REQUIRED WORK
As output, give the exact lines from the one containing "Functional laundry room" through the end of the listing below, both included, without the pictures.
━━━ GIVEN MATERIAL
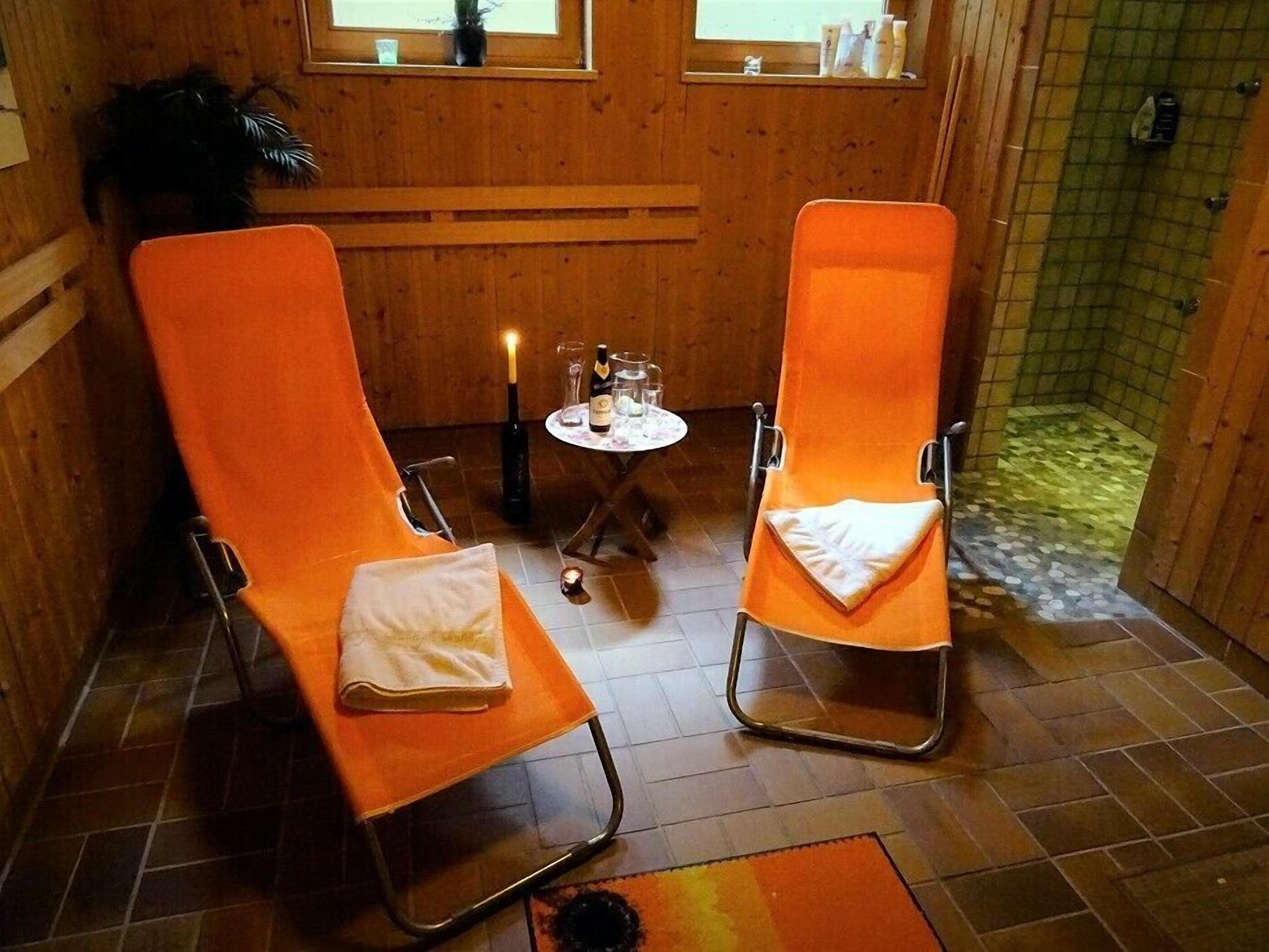 Une pièce avec deux fauteuils orange, une petite table sur laquelle se trouvent une bouteille et des verres, une bougie et un sol carrelé.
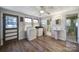 Functional laundry room with a washer, dryer, utility sink, tile flooring, and natural light at 1612 Forum Ln, Iron Station, NC 28080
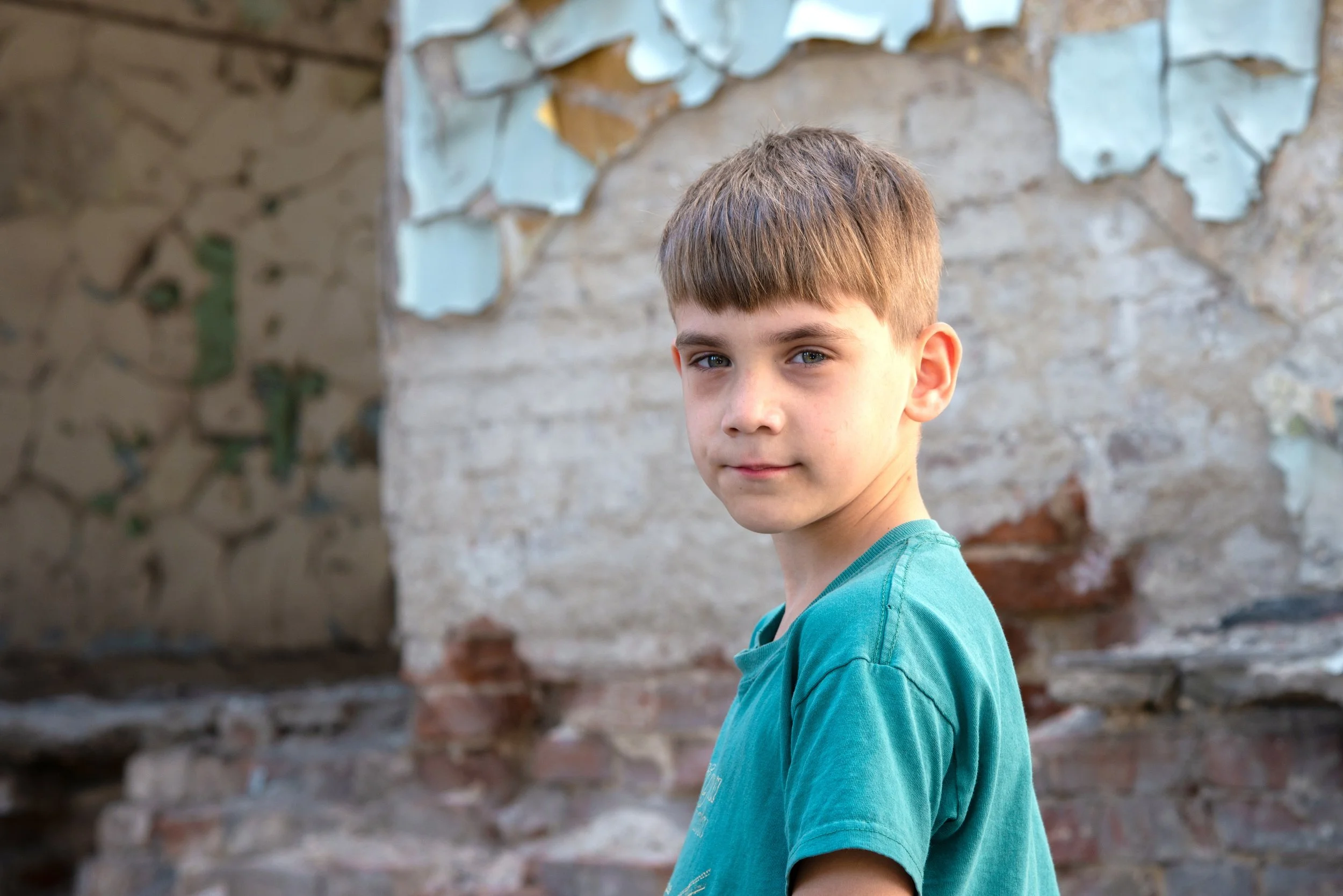 A young Ukrainian boy smiles softly outside with stone buildings behind him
━━━━━━
YOUR SOLUTION
 Functional laundry room with a washer, dryer, utility sink, tile flooring, and natural light at 1612 Forum Ln, Iron Station, NC 28080
 A young Ukrainian boy smiles softly outside with stone buildings behind him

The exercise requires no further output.